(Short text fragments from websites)
Segment Open

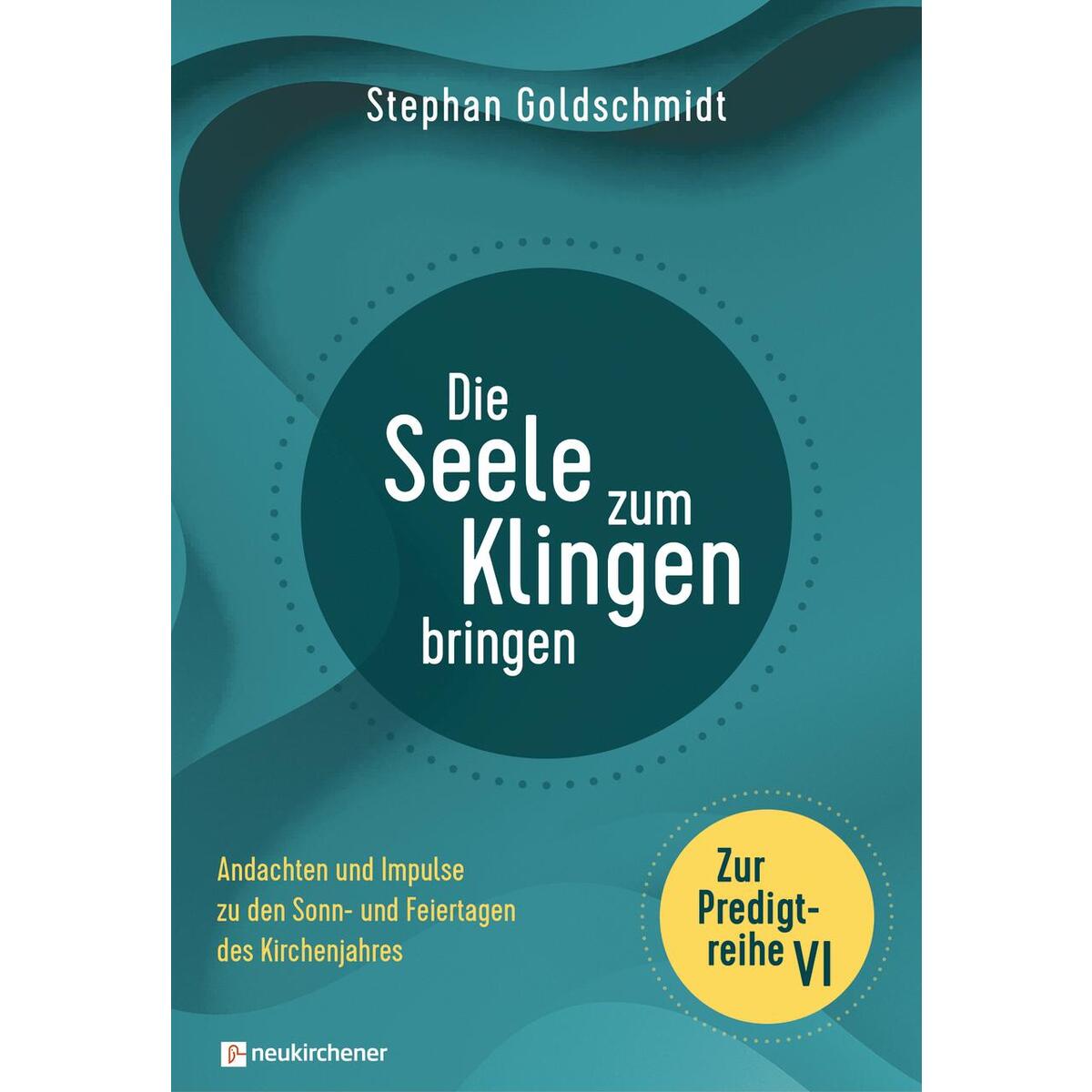Die Seele zum Klingen bringen - Zur Predigtreihe VI Die Seele zum Klingen bringen - Zur Predigtreihe VI von Neukirchener Verlag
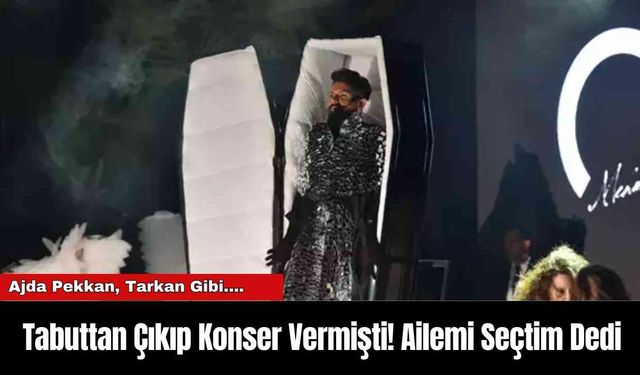 Tabuttan Çıkıp Konser Vermişti! Ailemi Seçtim Dedi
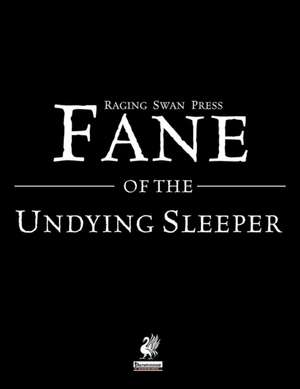 Raging Swan's Fane of the Undying Sleeper de Creighton Broadhurst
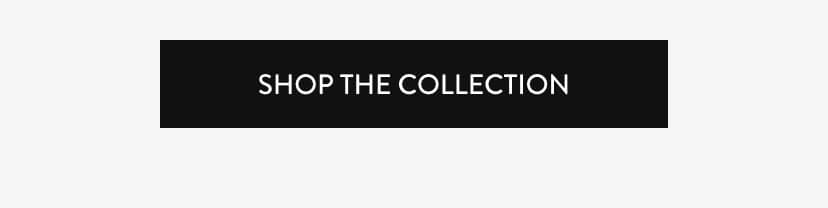 Shop The Collection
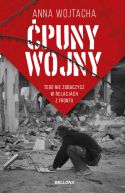 Okładka ksiązki - Ćpuny wojny. Tego nie zobaczysz w relacjach z frontu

Segment Closed

→ **Task objective**: Copy all entries exactly; skip pictures.

→ **Answer to this exercise**:
Die Seele zum Klingen bringen - Zur Predigtreihe VI Die Seele zum Klingen bringen - Zur Predigtreihe VI von Neukirchener Verlag
 Tabuttan Çıkıp Konser Vermişti! Ailemi Seçtim Dedi
 Raging Swan's Fane of the Undying Sleeper de Creighton Broadhurst
 Shop The Collection
 Okładka ksiązki - Ćpuny wojny. Tego nie zobaczysz w relacjach z frontu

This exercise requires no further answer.